● **Assigned task**:
Copy out each line of the material in which the word "Photo" can be found.
##### Input
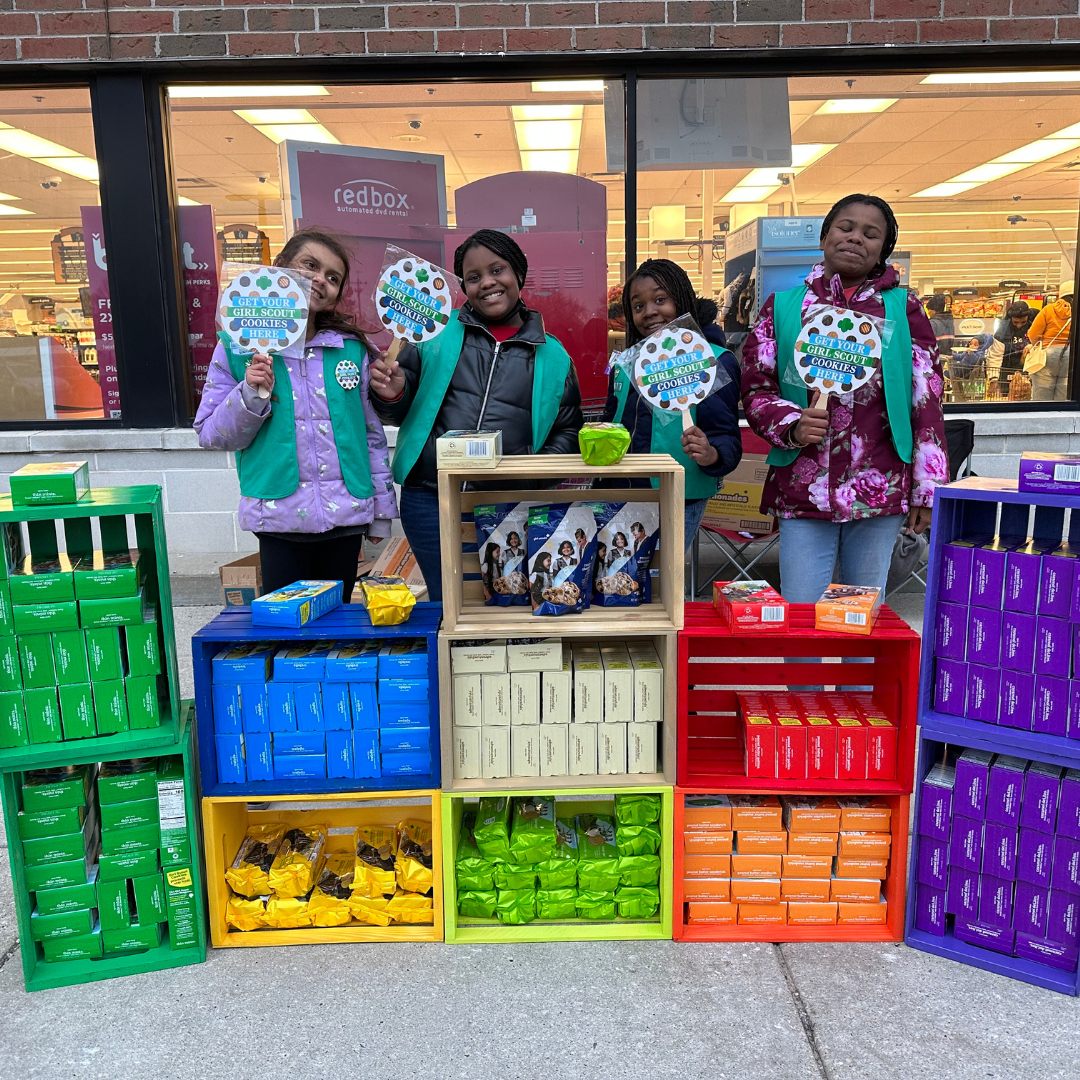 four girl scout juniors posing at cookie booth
##########
##### Input
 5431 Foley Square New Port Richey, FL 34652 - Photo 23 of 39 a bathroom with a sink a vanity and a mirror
##########
##### Input
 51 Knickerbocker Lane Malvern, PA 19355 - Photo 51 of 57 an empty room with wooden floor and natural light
##########
● **Expected answer**:
 5431 Foley Square New Port Richey, FL 34652 - Photo 23 of 39 a bathroom with a sink a vanity and a mirror
 51 Knickerbocker Lane Malvern, PA 19355 - Photo 51 of 57 an empty room with wooden floor and natural light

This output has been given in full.